What worries me is that neither the chairman of TCL nor the board is making any effort to have the conversation anchored in facts about the company—and rather than clarifying issues—are allowing misinformation to pervade the marketplace. Let me try to deal with the most egregious errors being perpetuated:
1. Constrained shareholding companies: It is not true that “TCL is the only company on the stock exchange that has a restriction on its share ownership.” Both NFM and NEL have 10 per cent restrictions on their share ownership.

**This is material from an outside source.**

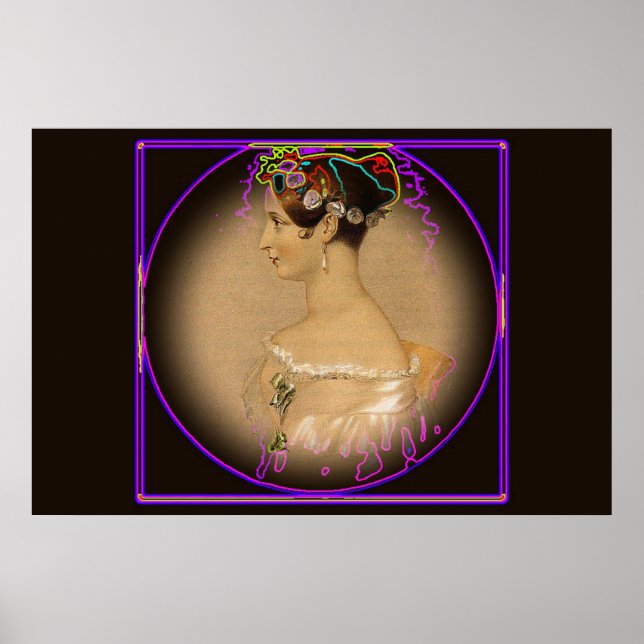 Affiches Jeune reine Victoria câblé (Devant)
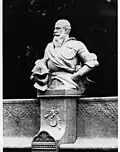 Vue du buste de droite du monument no&nbsp;18 représentant Busso VII von Alvensleben&nbsp;(de) (1441-1495). Sculpteur: Albert Manthe.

TCL, NEL, and NFM are called “constrained shareholding companies.” Constrained shareholding is very common on stock exchanges all over the world, but especially in emerging markets. Even in advanced economies such as Canada, there are limits on the ownership of banks (like RBC) and insurance companies. Air Canada has a 15 per cent limit on a single shareholder with 25 per cent aggregate for non‐residents.
2. Constrained Shareholding is not an obstacle: Given the pervasiveness of “constrained shareholding companies” in emerging and developed stock exchanges, it is clear that the provision is not an obstacle to the raising of capital.
In 2000, TCL issued 40 million shares at $5 per share, in a Rights Issue, and raised $200 million with the 20 per cent limit on shareholding in place. This was an accretive transaction unlike the highly dilutive proposal to issue over 160 million shares to raise US$50 million. All over the world, constrained shareholding companies raise both debt and equity capital to fund their growth and development and it is clear that the TCL Board needs to learn how to do it.
3. Rights issue will fail: The current plan of removing the 20 per cent and then moving swiftly into a Rights Issue without seriously entertaining other options is clearly tailor‐made to give Cemex control of the company. Existing shareholders who have seen capital depreciation and no dividends since 2007 are not likely to participate in the Rights Issue.
This maneuver is a classic “squeeze out” of small shareholders by a large shareholder who has control of the board. When the Rights Issue fails and Cemex takes up everyone else’s shares, then the board will cry “crocodile tears” and say” well everyone had a chance” and “if you don’t want it, let Cemex take it”.
Anyone with their ears to the ground in this current economic climate—with such instability in the price of oil—knows that investors will be very tentative about participating in a Rights Issue. Mr Espinet also knows that but he “just playing dead to ketch Corbeau alive” (he will need to explain that expression to half his board)
4. Rights Issues is a bad deal: the proposal to raise US$50 million via a Rights Issue is a bad deal for all shareholders except Cemex. Due to the high dilution it will permanently condemn TCL’s share prices to the basement and the price may even go lower than the IPO price of $0.75. It is the Lenders who must take their fair share of the burden that they are now trying to push on to shareholders.